Average walking speed = W = 3mph = 1.34m/s (it's crossing a car park, so I'm expecting some pauses and detours - I'm using metres and seconds for inputs so that the final outputs should be in metres or seconds);
average cycling speed in town (my track data) = C = 10mph = 4.47m/s;
average driving speed on urban roads = P =
18.6mph = 8.31m/s (2dp);
cycling and driving distances roughly equal because this is the UK and cycleways are as likely to have detours as shortcuts = hc = hp = h.
So:
( (hp - dp) / P ) + ( dp / W ) = ( (hc - dc) / C ) + ( dc / W )
Plug in the assumed numbers:
( (h - dp) / 8.31 ) + ( dp / 1.34 ) = ( (h - dc) / 4.47 ) + ( dc / 1.34 )
Split up the terms:
h/8.31 - dp/8.31 + dp/1.34 = h/4.47 - dc/4.47 + dc/1.34
Subtract h/8.31 from both sides and group factors:
(1/1.34 - 1/8.31)dp = (1/4.47 - 1/8.31)h + (1/1.34 - 1/4.47)dc
Work out the arithmetic:
0.626dp = 0.103h + 0.523dc
Divide both sides by 0.626:
dp = 0.16h + 0.84dc
dp =~= h/6 + 5dc/6
dp - 5dc/6 =~= h/6
So if the cycle parking is very close to the door (so we can ignore the dc term) then it would be quicker to cycle if the average unoccupied car parking space is further from the door than a sixth of the distance from home. Hmmm.
This seems to work in town. Distance from a friend's home to a town centre shop is 1060m. Cycle parking is pretty close to the door. The average unoccupied car parking space would have to be within 176m of the door, but I think it's 220m away. Cycling is definitely quicker, in reality as well as theory.
Also, hitting 18.6mph average driving speed in those streets is very unlikely, so the differential is probably larger. They're not A roads, but I've not found a better estimate of average urban driving speeds - anyone got one?

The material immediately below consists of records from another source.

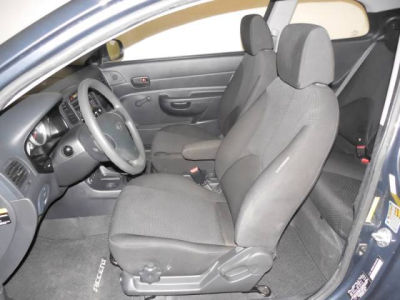 2011 Hyundai Accent  GL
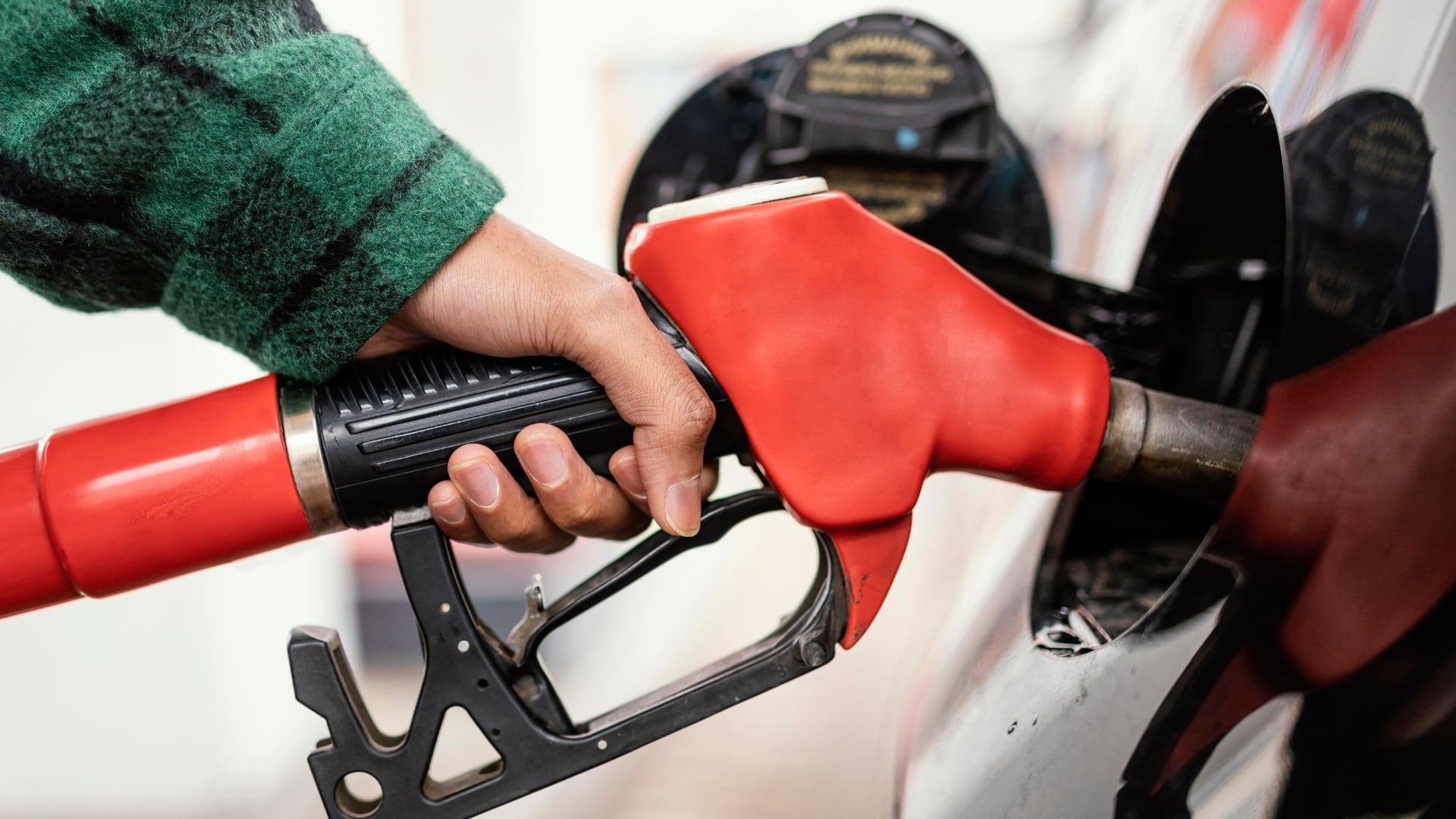El petróleo baja, pero la nafta y el gasoil no: el cuello de botella que mantiene los precios por las nubes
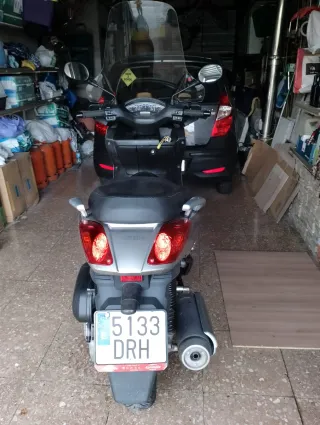 Yamaha 250 Scooter xmax a toda prueba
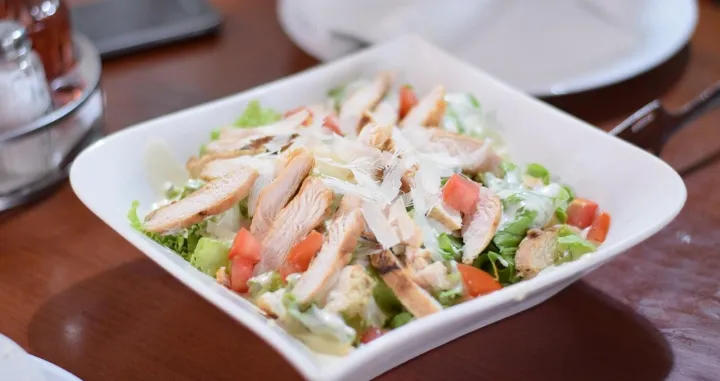 salata pileće bijelo/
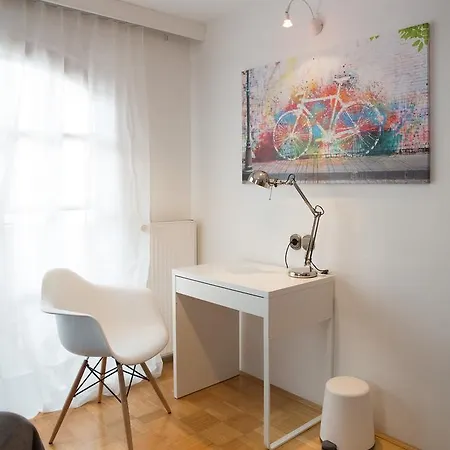 Vendégház G Land *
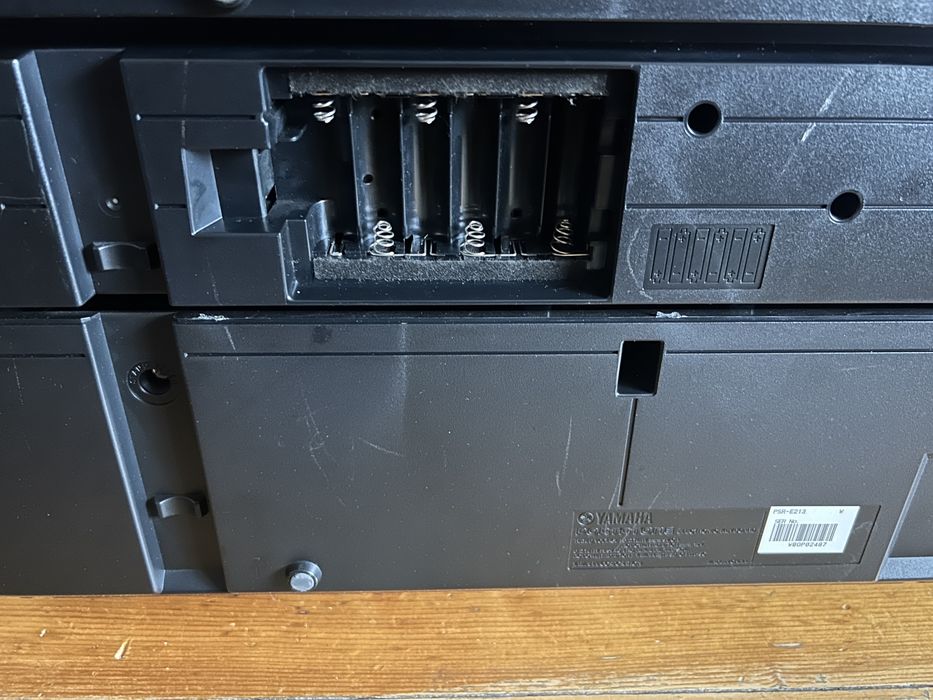 Синтезатор YAMAHA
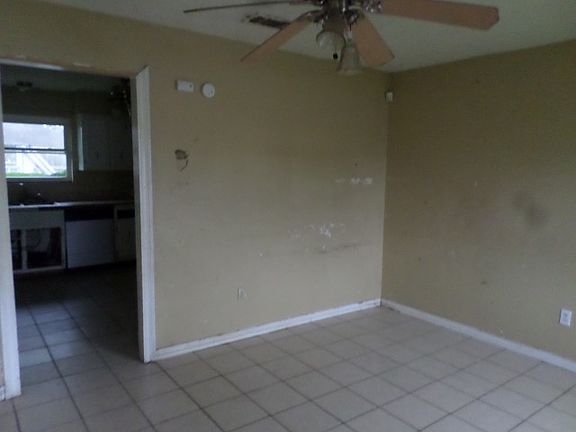 5th image of 2952 Mount Blanc Dr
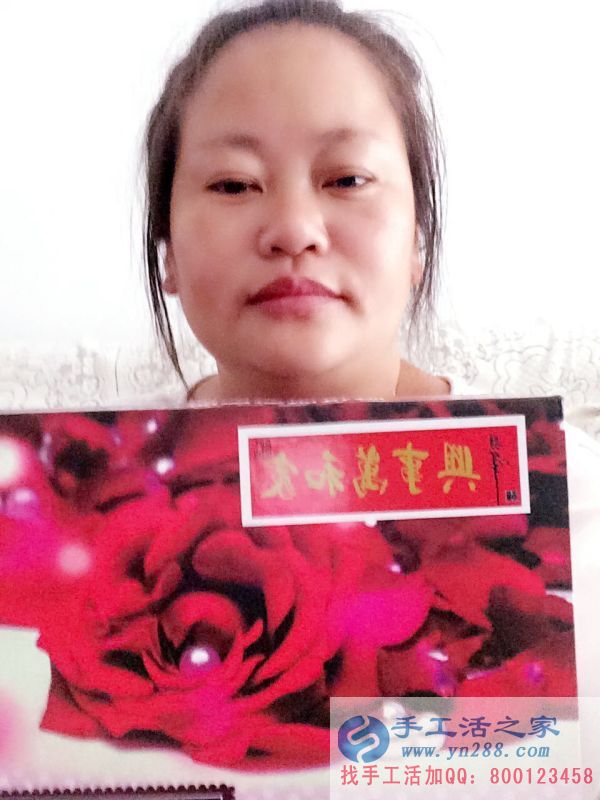 江苏常州宝妈做手工活串珠绣赚钱，带孩子赚钱两不误！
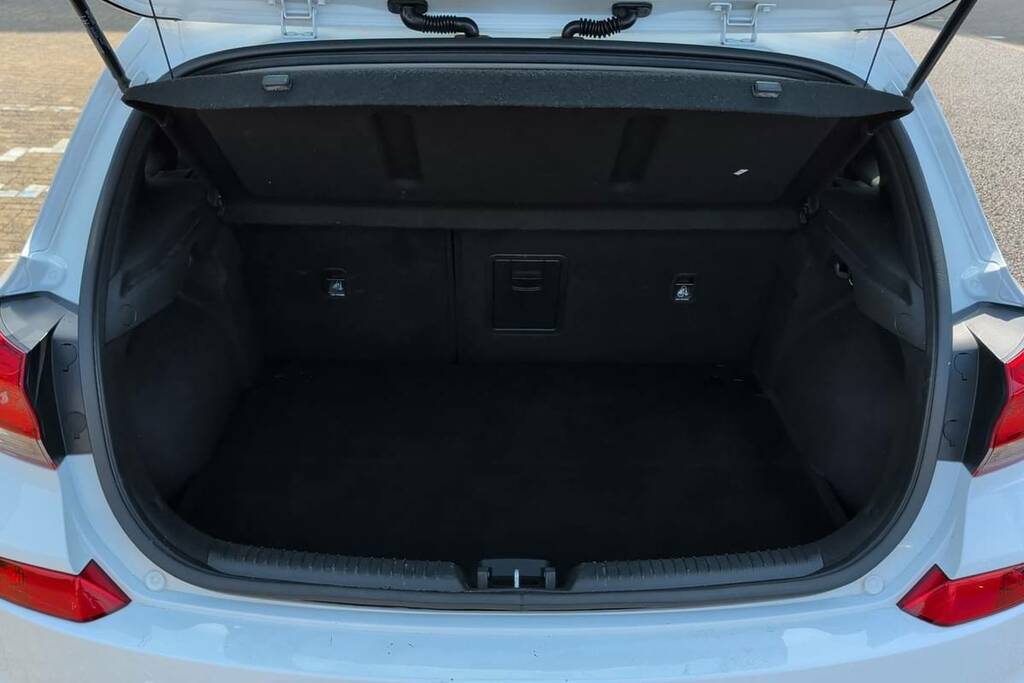 Hyundai I30 1.4T Gdi Premium Dct White #2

But the rule of thumb formula doesn't work for me: a shop near me is 5080m away, so I'd need the average car parking space to be 843m away from the shop door. But I know it's only 60m (the shop has its own car park across its service road) and that cycling is roughly similar on time to the door. So am I sacrificing time for the health benefits of cycling or have I got something wrong above?